Hamukwaya v S (HC-NLD-CRI-APP-CAL-2021/00026) [2024] NAHCNLD 5 (19 January 2024)


8

 

REPUBLIC OF NAMIBIA


 

 

IN THE HIGH COURT OF NAMIBIA NORTHERN LOCAL DIVISION, OSHAKATI

APPEAL JUDGMENT

Case Title:

Fillemon Josef Hamukwaya v The State

Case No:

HC-NLD-CRI-APP-CAL-2021/00026

Division of Court:

Northern Local Division

Heard before:

Honourable Lady Justice Salionga, J et

Honourable Mr Justice Kesslau J

Heard on: 17 November 2023

Delivered on: 19 January 2024

Neutral citation: Hamukwaya v S (HC-NLD-CRI-APP-CAL-2021/00026) [2024] NAHCNLD 05 (19 January 2024)

The order:

  1. The Respondent’s point in limine regarding the Appellant’s failure to comply with Rule 118(6) is dismissed.

  2. The Respondent’s point in limine regarding the Appellant’s introduction of a new ground of appeal is upheld.

  3. The Respondent’s point in limine regarding the Appellant’s grounds of appeal not being clear and specific is dismissed.

  4. The Respondent’s points in limine regarding the late filing of the notice of appeal and amended notice of appeal are upheld and the applications for condonation are refused.
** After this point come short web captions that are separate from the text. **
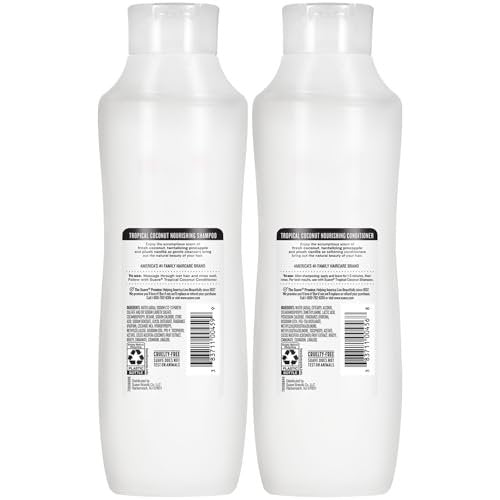 Suave Tropical Coconut Shampoo and Conditioner Set – Nourishing Formulas with Botanical Extract & Vitamin E, 22.5 oz Each (2-Piece) Avelisse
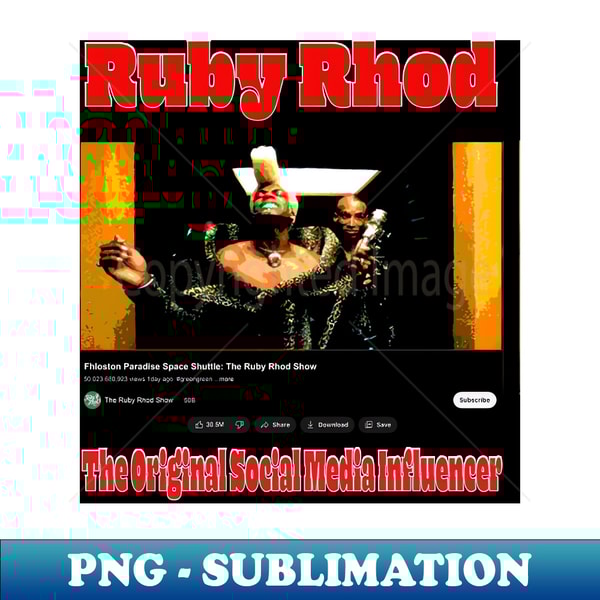 Ruby Rhod The Original Social Media Influencer - Aesthetic S | Inspire ...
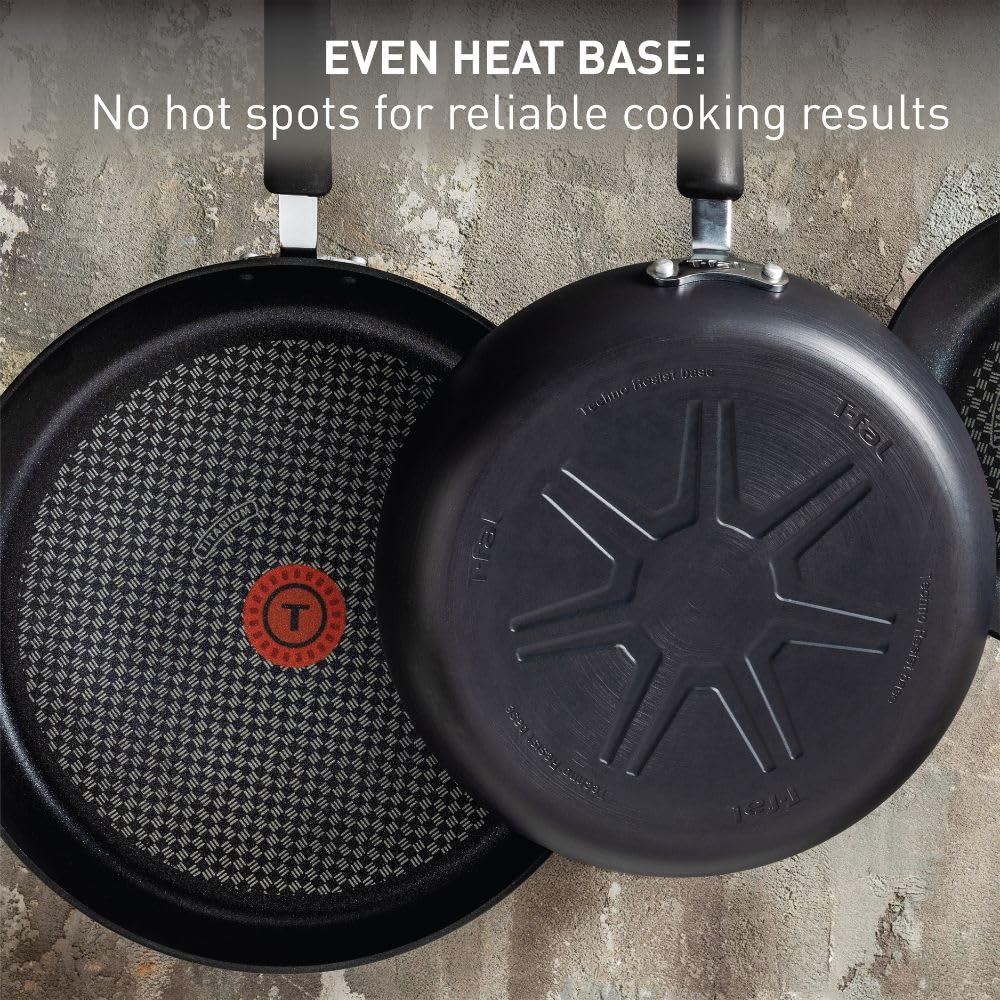 Hard Anodized Nonstick Fry Pan Set, 2-Pack O9461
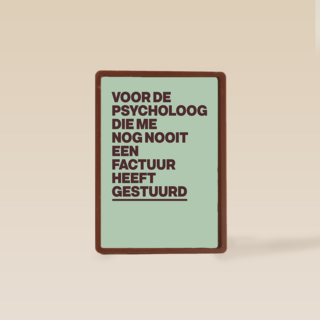 Voor mijn psycholoog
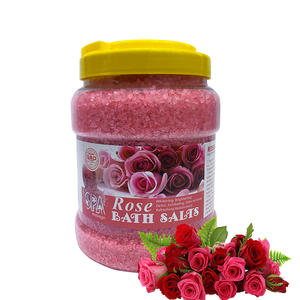 Sal de baño de SPA de limpieza profunda 3kg Sal marina de grano grueso infundida con aceite esencial de fragancia de leche de lavanda rosa y aloe - Product Image 6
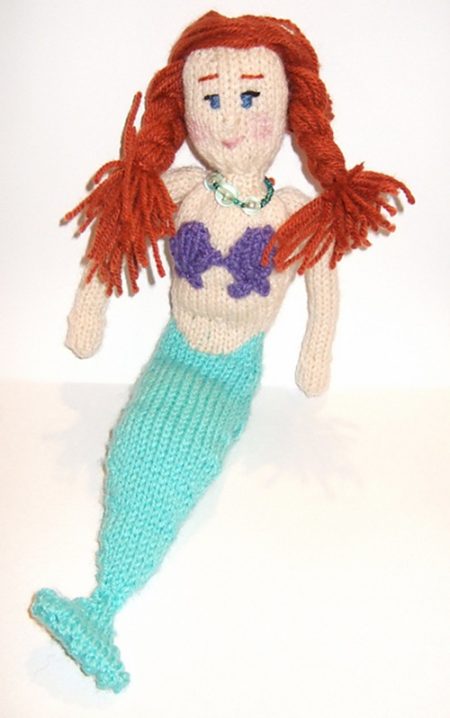 13 Mermaid Dolls Free Knitting Patterns ⋆ Bright Stuffs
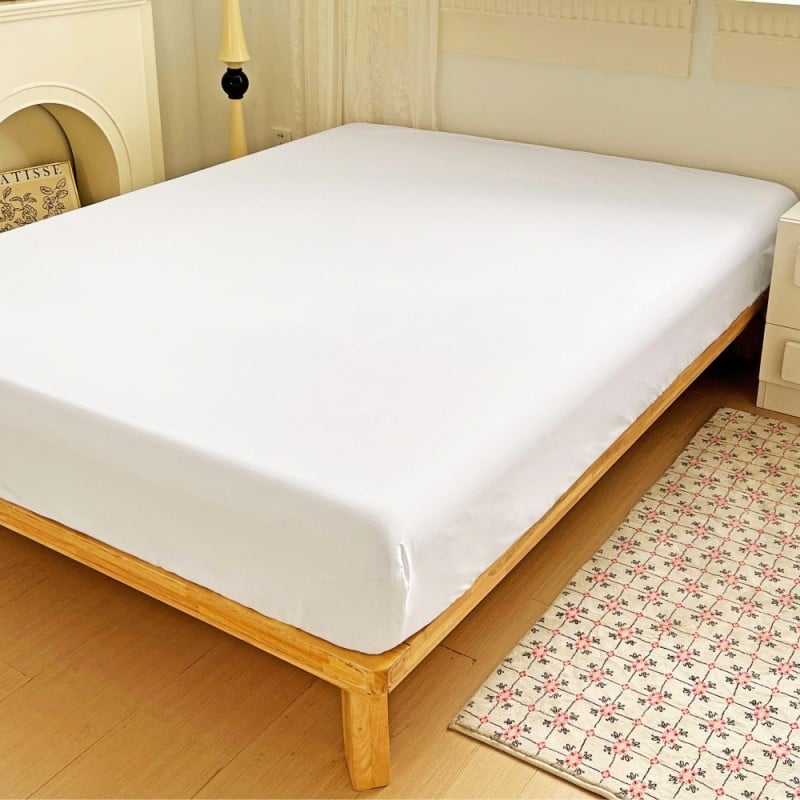 Prześcieradło 180x200 z gumką z mikrofibry GierekHoff grube białe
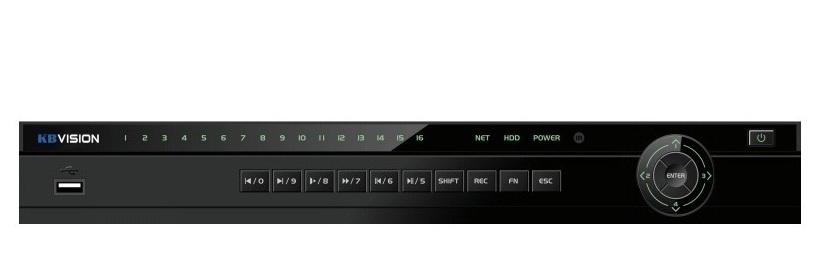 Đầu Ghi Hình KBVISION KX-C7216H1 DVR 16 Kênh 5in1 Siêu Mạnh, Hỗ Trợ HDCVI AHD TVI CVBS IP, Ghi Hình 1080N Rõ Nét Ban Đêm, Chuẩn Nén H.265 Tiết Kiệm 80% Dung Lượng, Kết Nối Camera Xa 1200m, Audio 2 Chiều, 2 Ổ Cứng 10TB Lưu Bất Tận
  5. The appeal is struck from the roll and considered finalized.

 

Reasons for decision:

KESSLAU J (SALIONGA J concurring)

 

Introduction

 

[1] The appellant, who was legally represented, was convicted in the Tsumeb Regional Court on a charge of contravening section 2(1)(a) of the Combating of Rape Act 8 of 2000: Rape. On 1 February 2017 he was sentenced to 17 years’ imprisonment. This appeal lies against sentence only.

 

[2] The sentence was meted down on 1 February 2017 with the appellant filing his notice of appeal on 9 June 2017 thus clearly out of time. An application for the condonation of the late filing was filed simultaneously.

 

[3] The appellant’s initial grounds of appeal which were drafted by a co-inmate were all directed at the Magistrate’s failure of not considering the mitigating factors placed before court. Since then the accused obtained legal representation and an amended notice of appeal was filed with an accompanying application for condonation.

 

[4] The appellants’ grounds of appeal as per the amended notice of appeal can be summarized as follows:

  • The learned Magistrate misdirected himself, alternatively erred in law or fact when, during sentencing ignored the personal circumstances presented during mitigation.

  • The learned Magistrate misdirected himself, alternatively erred in law or fact when in sentencing over emphasized the interest of society and passed a sentence that was so harsh and disturbingly inappropriate that it induces a sense of shock.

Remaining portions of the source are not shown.